Il y a une technique du camping à apprendre : savoir monter sa tente correctement, savoir aménager son terrain, ranger son matériel, etc., etc. Mais il y a aussi des règles de savoir-vivre. Le campeur confirmé, au cours de rallyes, de camps en commun, de sorties de week-ends avec une équipe de bons copains, en applique les principes sans même y penser. Il a pris l'habitude de respecter le silence de la nuit, le sommeil de ses voisins; il sait qu'un camp ne doit pas avoir l'aspect de la zone, que l'étalage intempestif de vêtements ou de sous-vêtements est une affreuse injure au paysage. Le vieux randonneur aime la nature, les plantes, les animaux. Il est l'ami du paysan qui l'a autorisé à s'installer sur son champ ... Et le campeur sait le danger qu'il peut y avoir à allumer inconsidérément un feu de cuisine ... Presque tous les campeurs confirmés ont adopté le réchaud portatif, mais, lorsqu'ils se décident un jour à allumer un feu de bois pour griller un beefsteak, ils savent qu'un tout petit feu est suffisant et qu'il n'y a pas besoin d'allumer un feu de joie. Ils savent aussi que, dans ce cas, ils ne quitteront pas le camp sans avoir enterré ou noyé les cendres derrière eux ...

Aussi les réclamations que nous avons connues cette année ne se sont-elles adressées qu'exceptionnellement à de véritables campeurs ! Il n'en a pas été de même, hélas ! pour ceux qu'un confrère a nommés « les francs-tireurs du camping » et que je nommerai plus gentiment les néophytes ...

Néophytes ! ils l'étaient bien en effet, tous ces braves gens qui se sont sentis une âme de campeur quinze jours avant leur départ en vacances. Au hasard des annonces publicitaires, ils se sont empressés d'acheter un matériel quelconque, souvent très bon marché, et, pour éviter des frais, ont décidé d'emporter de la maison des ustensiles de ménage : poêles, casseroles, chaises et même, comme je l'ai vu de mes propres yeux, seau hygiénique. Il est facile d'imaginer le déballage que cela pouvait produire. Tous ces néophytes ont cru d'autre part que la campagne était à eux, que le camping signifiait liberté totale. Sont-ils vraiment fautifs ? Certes non, car on ne peut savoir quelque chose sans l'avoir appris ! Beaucoup — à part ceux qui sont mal élevés et le resteront toute leur vie — ont péché par ignorance et ne demandent qu'à être éclairés. Ils ont vu, au cours de leur premier camping, des campeurs, des purs, et au fond d'eux-mêmes ont fait la comparaison ...

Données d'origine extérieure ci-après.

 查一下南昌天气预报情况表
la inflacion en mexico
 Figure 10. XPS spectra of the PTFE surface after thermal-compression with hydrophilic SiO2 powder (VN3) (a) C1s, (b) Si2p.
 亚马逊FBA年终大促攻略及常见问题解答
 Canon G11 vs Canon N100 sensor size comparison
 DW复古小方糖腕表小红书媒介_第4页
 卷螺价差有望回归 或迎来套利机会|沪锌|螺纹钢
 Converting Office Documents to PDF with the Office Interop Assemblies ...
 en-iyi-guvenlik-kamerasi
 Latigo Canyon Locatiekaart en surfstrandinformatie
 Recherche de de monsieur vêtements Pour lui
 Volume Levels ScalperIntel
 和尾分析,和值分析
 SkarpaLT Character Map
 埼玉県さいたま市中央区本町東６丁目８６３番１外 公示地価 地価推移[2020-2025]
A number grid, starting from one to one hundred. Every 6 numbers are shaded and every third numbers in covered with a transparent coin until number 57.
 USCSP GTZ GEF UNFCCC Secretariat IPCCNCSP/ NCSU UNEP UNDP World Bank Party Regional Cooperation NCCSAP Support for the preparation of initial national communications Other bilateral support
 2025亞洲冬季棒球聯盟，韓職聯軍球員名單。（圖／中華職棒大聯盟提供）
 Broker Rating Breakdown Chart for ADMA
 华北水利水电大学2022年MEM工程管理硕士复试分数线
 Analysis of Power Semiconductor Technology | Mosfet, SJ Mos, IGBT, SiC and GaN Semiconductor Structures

Mais il n'en reste pas moins vrai qu'ils ont causé un grand tort au camping en général et aux campeurs en particulier. Tous les adversaires en ont profité pour généraliser et mettre dans le même sac campeurs et apprentis-campeurs ...

Le résultat navrant est que le camping est menacé. Tant pis pour la santé physique et morale de centaines de milliers de Français ...

Jacques-J. BOUSQUET,

Président du Camping-Club de France.